Saturday, October 23, 2010

Win

Tim Brown: "On a rare patch of green in north Texas, against a backdrop of confetti streams and honky-tonk reverb, there came the dawning of a baseball franchise.

A warm wind howled over the walls of Rangers Ballpark, whipping scraps of colored paper into tiny hurricanes. Ginger ale plumes filled the sky.

On a football Friday night in a football town, more than 50,000 folks swooned at the slider that froze Alex Rodriguez(notes) – of all people, Alex Rodriguez – and finished off a 6-1 victory over the New York Yankees in Game 6 of the American League Championship Series.
Cliff Lee, the mercenary left-hander who’d topped off their starting rotation. C.J. Wilson, who’d come from the bullpen to become a starter. Lewis, who’d remade his career in Japan. 

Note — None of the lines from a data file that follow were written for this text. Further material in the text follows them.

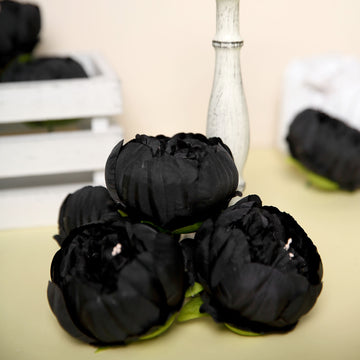 10 Pack 3" Black Artificial Silk DIY Craft Peony Flower Heads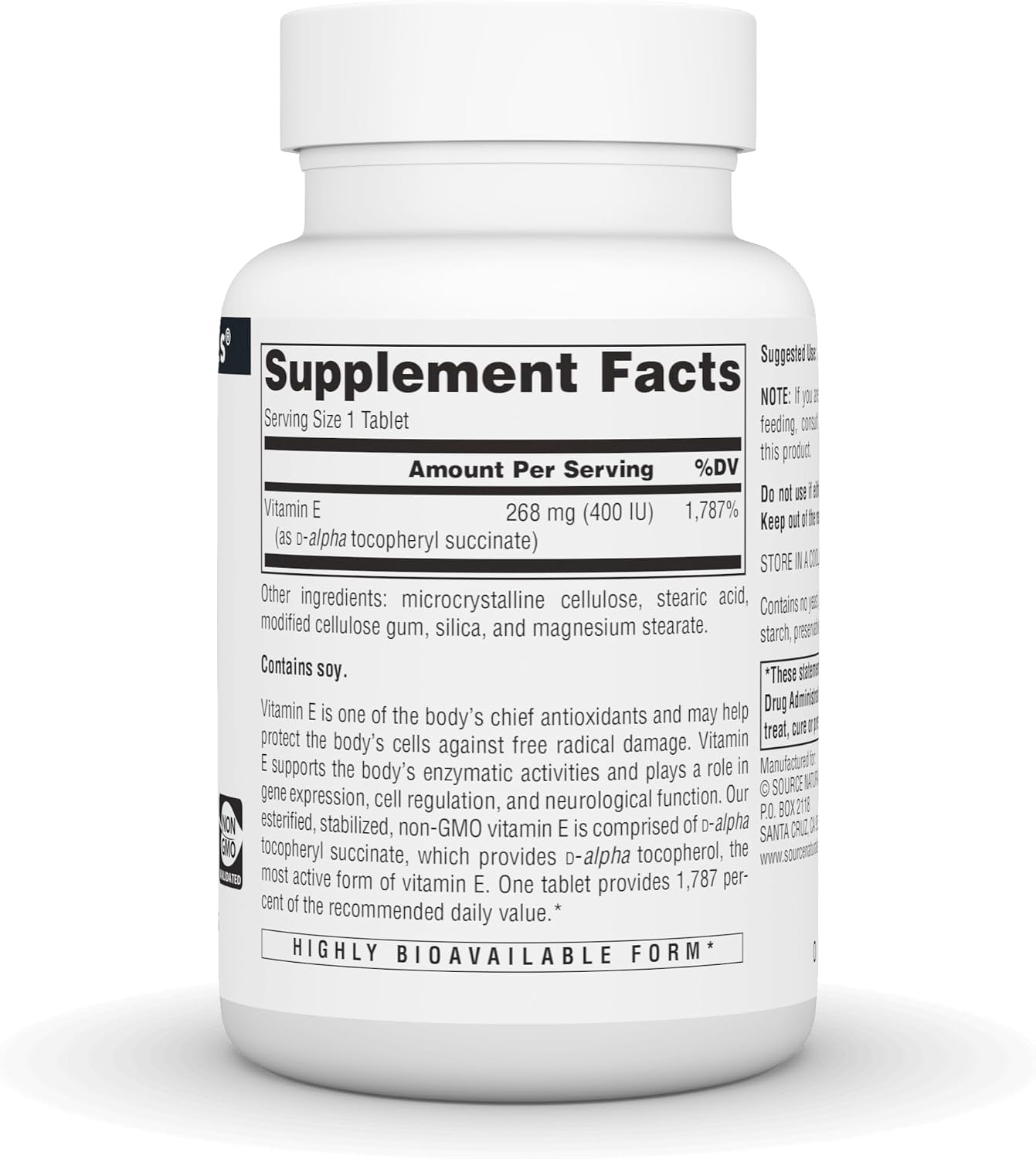 Source Naturals Non-GMO Vitamin E, 400 IU (268 mg) Antioxidant Support – 60 Tablets - görsel 3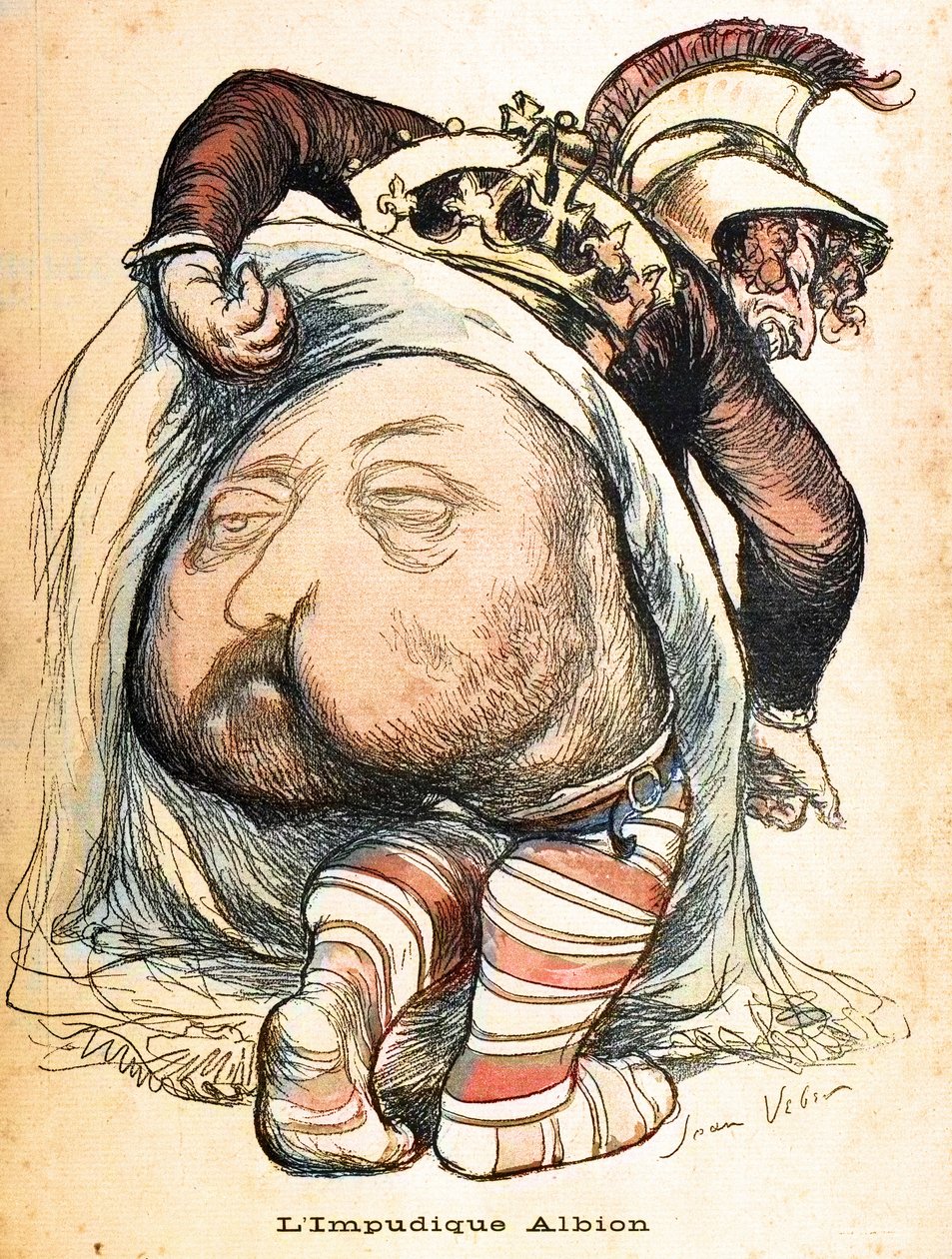 The Immorbid Albion - Edward VII”. Tegnefilm af Jean Veber om Boerkrigen - "Smørpladen"", nr. 28, september af Jean Veber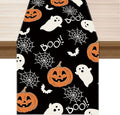XCHI Boo Spooky Ghost Pumpkin Halloween Table Runner Burlap Table Decoration for Home Kitchen Dining Dinner Indoor Holiday Farmhouse Decor 13x60 Inch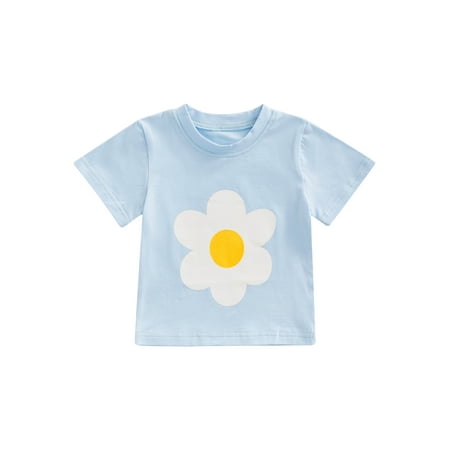 

Baby Girls Summer Short Sleeve T Shirts Crew Neck Flower Printing Casual Tops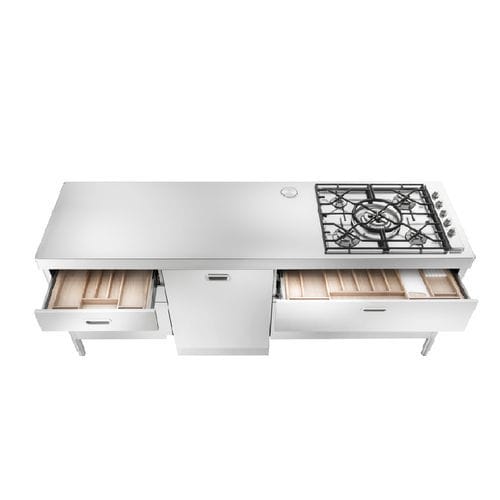 Table de cuisson à gaz - C220-C60+L60+C90/1 - ALPES-INOX - 5 foyers / encastrable / avec manettes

Josh Hamilton, the series MVP and likely league MVP, who’d fought drug addiction – sometimes well and sometimes not – to stand on that podium Friday night. Cruz, who’d once cleared waivers. Guerrero, given up as over-the-hill in Anaheim. Feliz and shortstop Elvis Andrus(notes), the spoils of the Mark Teixeira trade. Young, who for a decade watched them all come and go, and not three weeks after his first playoff game qualified for his first World Series game.


They ran in circles on a field trampled by friends and family, guzzling the ginger ale that honored Hamilton’s demons and waving to a crowd that couldn’t believe it was seeing this and refused to leave it.


Until the clock struck nine minutes past 10, these Rangers had borne the sins and failures of a half-century. They’d failed in Washington as the Senators. They hadn’t won in Texas. They were the epicenter of the steroid era, and were the oldest of the three franchises – the Montreal Expos/Washington Nationals and Seattle Mariners being the others – to never reach the World Series."

3 comments:

Gino said...

seeing the Yankees go down is like seeing the Cowboys going down:

it assures me that sometimes things can go right in this crazy world of ours.

RobertDWood said...

Well, you've been dancing on the cowboys grave for sometime then.

Gino said...

i am enjoying this season of the nfl. yes.